Ah, la puntata di cover mi ha finalmente aiutato a distinguere i Mutonia dai Karakaz: i primi sono di Agnelli, i secondi di Hell Raton. La differenza è tutta qui, nelle assegnazioni (lì un brano difficile e urticante, qui il ruffianissimo Justin Timberlake di Sexy back riarrangiato in versione punk-rock), per un risultato che ancora una volta non convince in entrambi i casi. Voto 5,5. La notizia della serata è però che Nika Paris non canta solo in francese, ma anche in inglese, e tutto sommato benino: Come di Jain non è certo un capolavoro ma è un vestito su misura per questa sedicenne bulgara che sguazza nel pop con agio ma senza mai dare l’impressione di andare troppo oltre il livello ‘karaoke ben fatto’, quello con cui alla fine vinci la bottiglia messa in palio dal locale. Voto 6.

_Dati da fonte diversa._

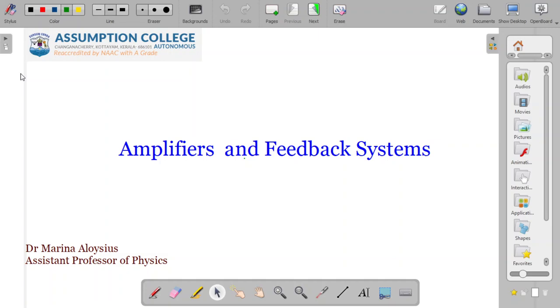Hello students. Today we are going to learn and understand some introductory concepts on amplifiers and feedback systems.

Preferisco di gran lunga il rischio, a prima vista folle, corso da Emma nell’assegnare Jenny è pazza di Vasco Rossi a gIANMARIA: intanto perché fargli cantare un pezzo che parla di depressione, dopo un inedito che s’intitola I suicidi, fa venir voglia di lasciarsi andare a rituali apotropaici poco eleganti, e poi perché la responsabilità di portare Vasco su quel palco ha già schiacciato concorrenti più adulti e apparentemente più solidi di lui. Invece il ragazzo padovano supera le paure che lo avevano accompagnato durante la settimana e mette insieme probabilmente la migliore esibizione della puntata: voto 8. In chiusura tocca a due concorrenti che non mettono d’accordo i giudici se non sul fatto di non convincere, e invece hanno uno stile e una personalità già ben definiti. In particolare i Bengala tornano, guidati da Manuel Agnelli, sui passi mossi dal loro genere musicale negli ultimi cinquant’anni ripescando un eccellente brano dei Jam, Town called Malice, attualizzandolo (ma neanche troppo, non è che ne avesse tutto questo bisogno) e sorprendendo con la spiccata somiglianza della voce del cantante con quella di Paul Weller. Voto 7,5. Anche Versailles ripesca un brano di una ventina d’anni orsono, Fantasma dei Linea 77 che, a quanto abbiamo capito, Hell Raton cantava a rotazione nella sua cameretta; cosa che ci interessa relativamente rispetto all’approccio di Versailles a un brano cantato a due voci (i Linea 77 avevano infatti stabilmente due cantanti, anzi agli inizi addirittura tre) ma reso ugualmente potente e intenso. Ovviamente il pubblico non capisce e lo manda al ballottaggio, dove verrà provvidenzialmente salvato dai giudici. Voto 7,5.

 

Bloody Mary? No, è mejo er vino de li Castelli

Mika (voto 5) perde subito il primo concorrente della sua squadra (eliminati i Westfalia), e magari sarà un déja-vu ma sono sicuro che non sia la prima volta; scelte discutibili sia nelle assegnazioni che nella formazione della squadra stessa sembrano anche quest’anno una zavorra per le ambizioni di vittoria del signor Grace Kelly. Se non ci fosse questa enorme trave, mi starebbero anche bene i giudizi tranchant che dispensa su questa o quella pagliuzza degli altri concorrenti. Cosa che, per esempio, ha smesso di fare Manuel Agnelli (voto 6,5), il quale però ha il merito di mantenere la discussione sempre sull’argomento musicale, senza troppe concessioni a vino dei Castelli (per ricordare un altro pezzo famoso di Gabriella Ferri) e ricette del Bloody Mary. La gaffe dell’ultimo scontro, quando sbaglia il nome del concorrente che vuole eliminare, gliela perdoniamo perché si è capito che avrebbe volentieri fatto fuori entrambi. Carrà a parte, con le assegnazioni se la cava piuttosto bene Emma, che però al tavolo sta diventando una presenza noiosa e banale, a un passo dalle vette di fastidio delle varie Levante e Arisa (voto 5). Banalotte, al contrario, le scelte di Hell Raton che invece al tavolo un po’ di riscatta, pur senza brillare (voto 6). Infine, prova d’appello non proprio brillantemente superata per il prof. dott. Ludovico Tersilli primario di Villa Celeste (voto 5), che oltre a propinarci ancora il suo romanesco d’accatto continua a sbagliare tempi e interventi come il miglior Mexès, vista la sua fede giallorossa.